This year the message has gone out to the young, the disaffected, and the idealistic: Don't hope for too much. "Don't compare us to the Almighty," says the politician, "compare us to the alternative." Ironically, this comes from the same people who told us four years ago: Yes, we can. Thanks to the rhetoric of hope, our President and his party saw their most improbable dreams come true.
When do we get our turn?
This is Independence Day. It's a day to renew our most ambitious hopes and ideals. It's a day to, in the words of Bob Marley, "emancipate ourselves from mental slavery." What did you say? Bold dreams aren't practical? Tell that to the Founding Fathers. Or the Suffragettes. Tell it to Gandhi or King or Mandela.
The fight for independence didn't end in 1776 or the years that followed. We still fight it it every day. It's a political and economic fight. And yes, it's spiritual too -- not necessarily in a supernatural sense, but in the sense that the spiritual is that which is good and beautiful and yet intangible. The spiritual world reaffirms our belief in those things which can't be seen or measured, but which make us who we are -- or would become.
Politics used to be the art of coming together to seek the highest in ourselves, both as individuals and as societies. The 2008 election was a choice between pursuing our best selves or succumbing to cynical self-centeredness. I remain immensely proud of our nation for voting as it did. We voted, not just for a politician or a party, but for our own higher selves.
Yet once again we're being told that the best we can expect is that which the banks and other corporations are willing to tolerate. We're being told that the art of the "liberal" is the art of begging more effectively, of obtaining more crumbs from a powerful person's table than others are willing or able to do.
That's not freedom. It's submission.
On my school notebooks
On my desk and on the trees
On the sands of snow
I write your name
- - Liberty, Paul Eluard
Teachers are being laid off by the hundreds of thousands while phony preachers of education "reform" stigmatize the struggling few who remain. The problem isn't our inability to fire teachers. It's our inability to hire them. It's our ability to keep them by paying a decent wage.

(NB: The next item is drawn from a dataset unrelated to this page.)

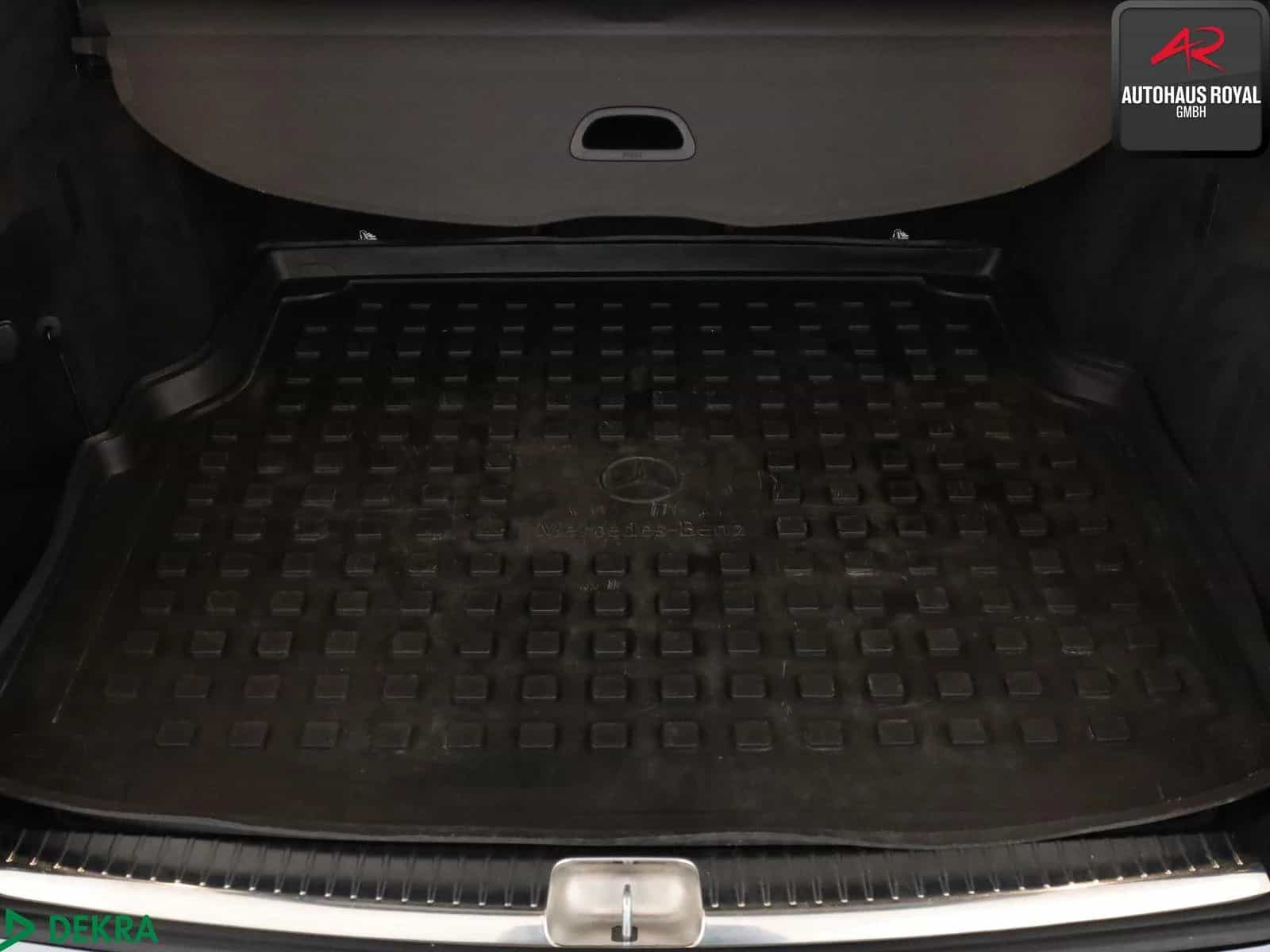 Mercedes-Benz C-Class 220 06/2019-photo-13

When they savage our education budgets, from elementary school through college and postgraduate studies, they throw all but the most privileged children onto the trash heap.
The Texas Republican Party just declared that "We oppose the teaching of Higher Order Thinking Skills ... critical thinking skills and similar programs ... which focus on behavior modification and have the purpose of challenging the student's fixed beliefs and undermining parental authority."

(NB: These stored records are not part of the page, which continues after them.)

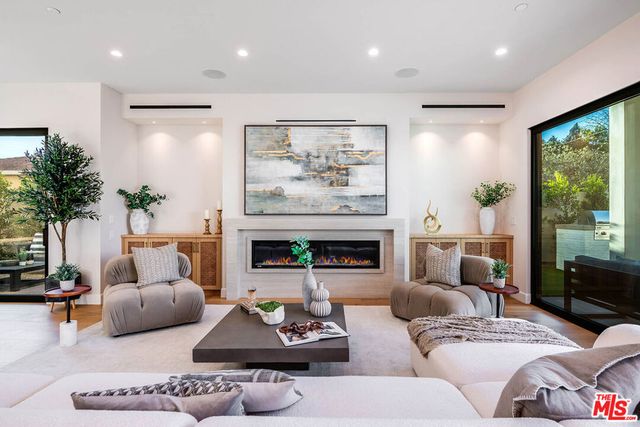 12427 Cumpston Street, Valley Village, CA 91607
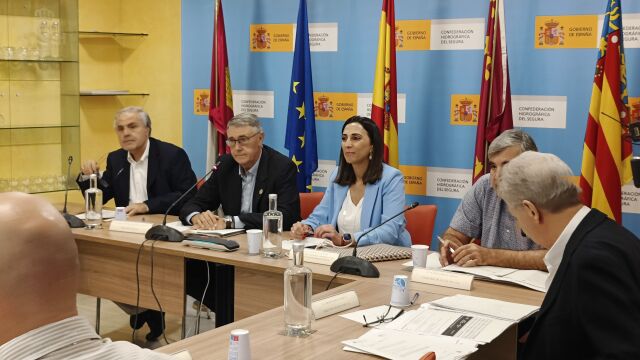 la consejera Sara Rubira previas a la reunión de la Comisión permanente de la Sequía de la CHS 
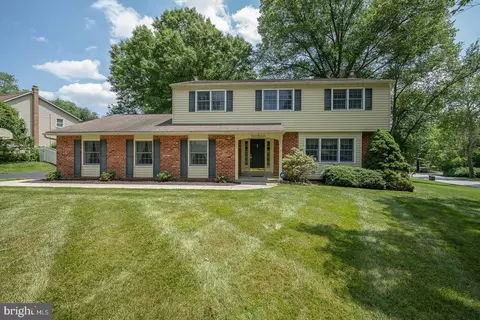 1526 Richard Dr, West Chester, PA 19380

They've never heard of Plutarch, who said that "A mind is a fire to be kindled, not a vessel to be filled." But then, they and their sponsors don't want fires. They want vessels, containers for the delivery of goods and services to Corporate America. And vessels soon become vassals.
An education is a child's passport to economic and mental independence. It's every child's birthright. It's worth fighting for.
On the pages I have read
On all the white pages
Stone, blood, paper or ash
I write your name
Even a liberal corporatist like New York Mayor Michael Bloomberg thinks nothing of trashing an entire library, in violation of police procedures and common decency, when citizens have the audacity to challenge the entrenched order.
That's nothing new: From Alexandria to Zuccotti Park, they've been destroying books for 2,500 years. But if this loss of liberty is as old a story as history itself, so is the fight to recapture it. We've won it against seemingly unbeatable odds many times before.
"The harder the conflict," said Thomas Paine, "the more glorious the triumph. What we obtain too cheap, we esteem too lightly; it is dearness only that gives everything its value."